* _WHAT TO DO_: Your copy should match the records exactly, apart from the pictures, which stay out.

* _DATA IN THIS EXERCISE_:

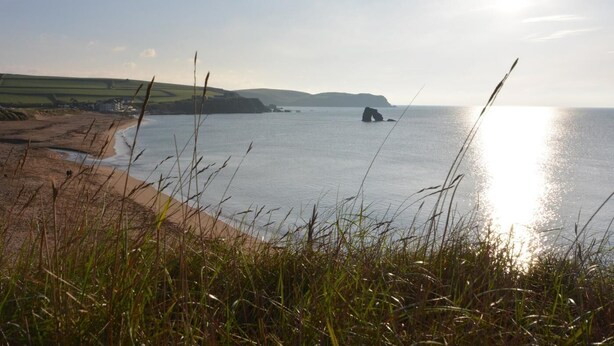 Playa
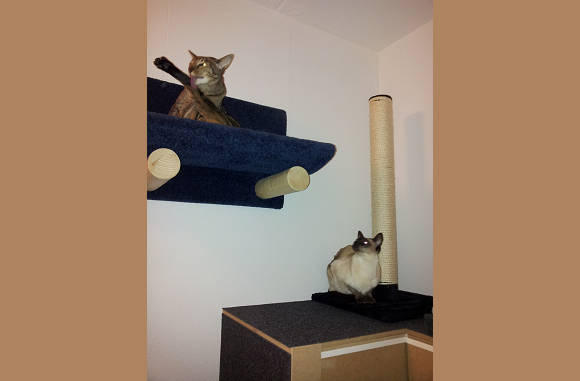 Ondertussen hangt er nog een edje bij voor Cailin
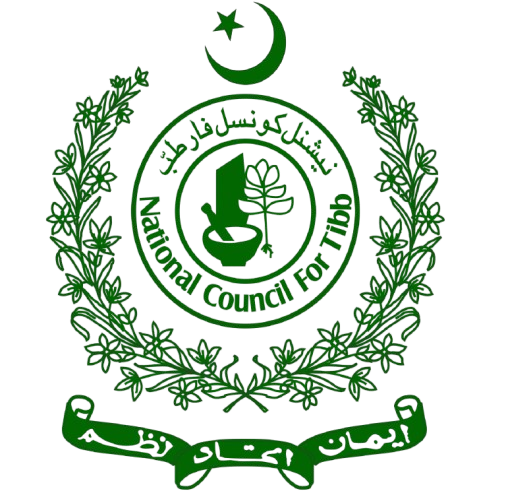 🌟 11.11 Mega Sale: Buy 2, Get 1 FREE!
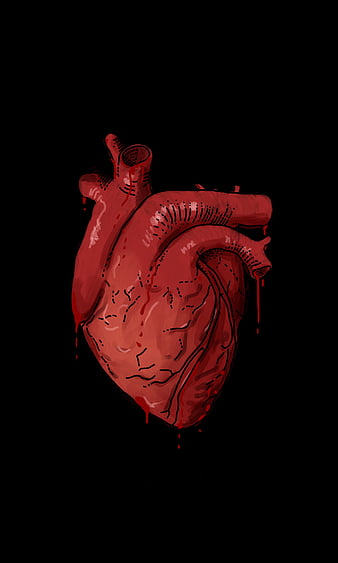 Premium Vector | Real human heart vector illustration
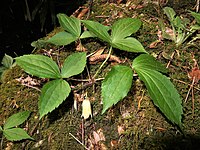 Clematis tosaensis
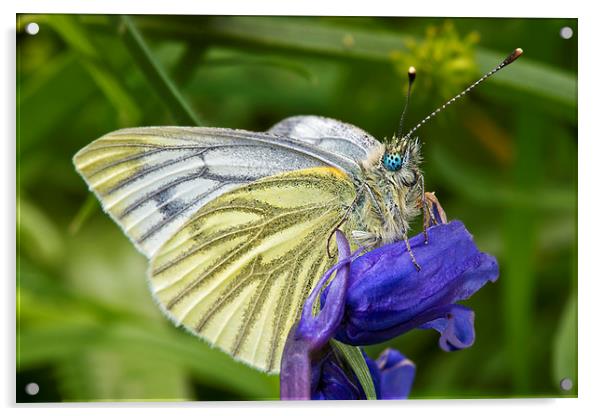 Green Veined White Butterfly (pieris napi) Acrylic by Rick Parrott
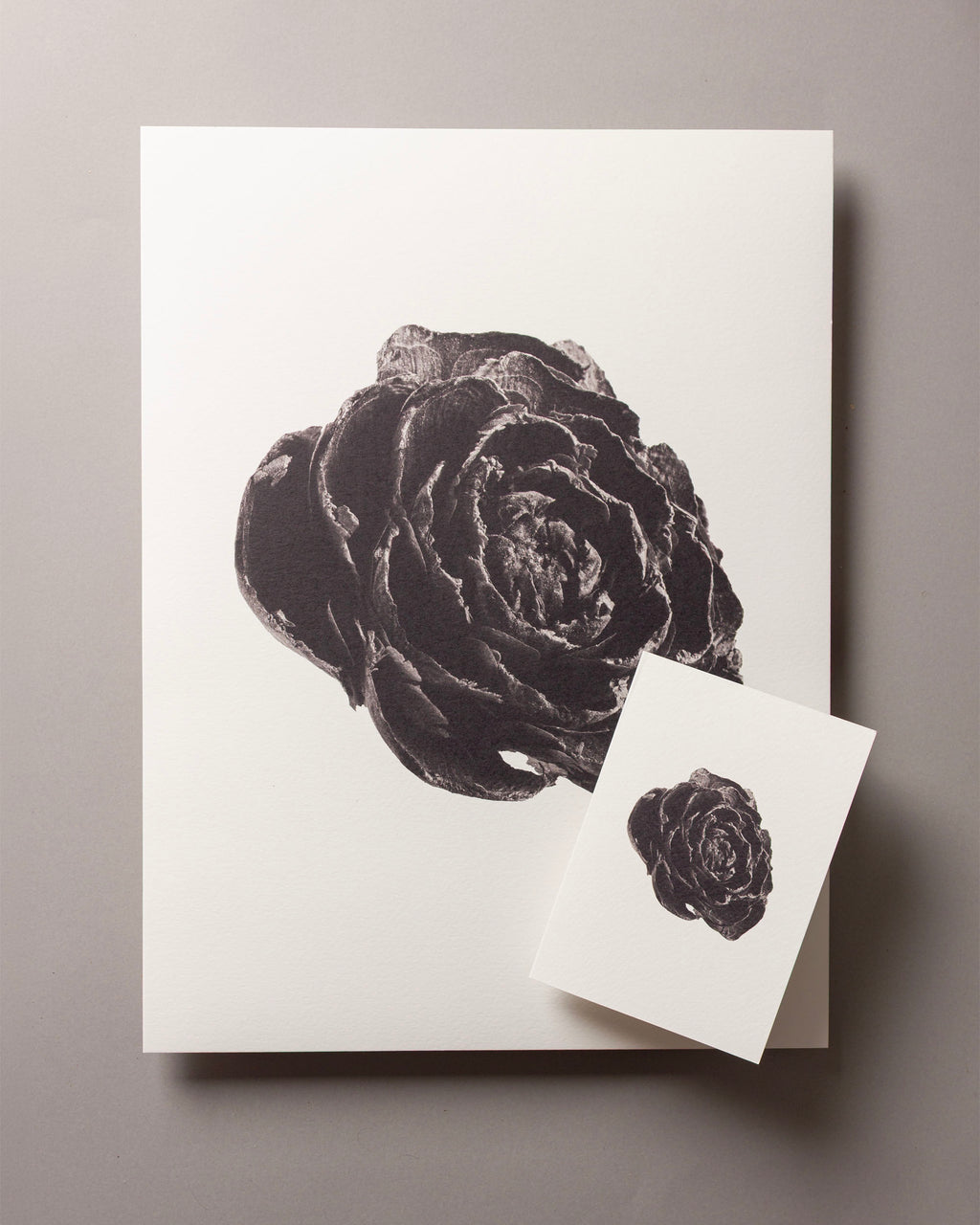 Cedar rose – FOUND A6 Greeting Card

* _ANSWER TO THE EXERCISE_:
 Playa
 Ondertussen hangt er nog een edje bij voor Cailin
 🌟 11.11 Mega Sale: Buy 2, Get 1 FREE!
 Premium Vector | Real human heart vector illustration
 Clematis tosaensis
 Green Veined White Butterfly (pieris napi) Acrylic by Rick Parrott
 Cedar rose – FOUND A6 Greeting Card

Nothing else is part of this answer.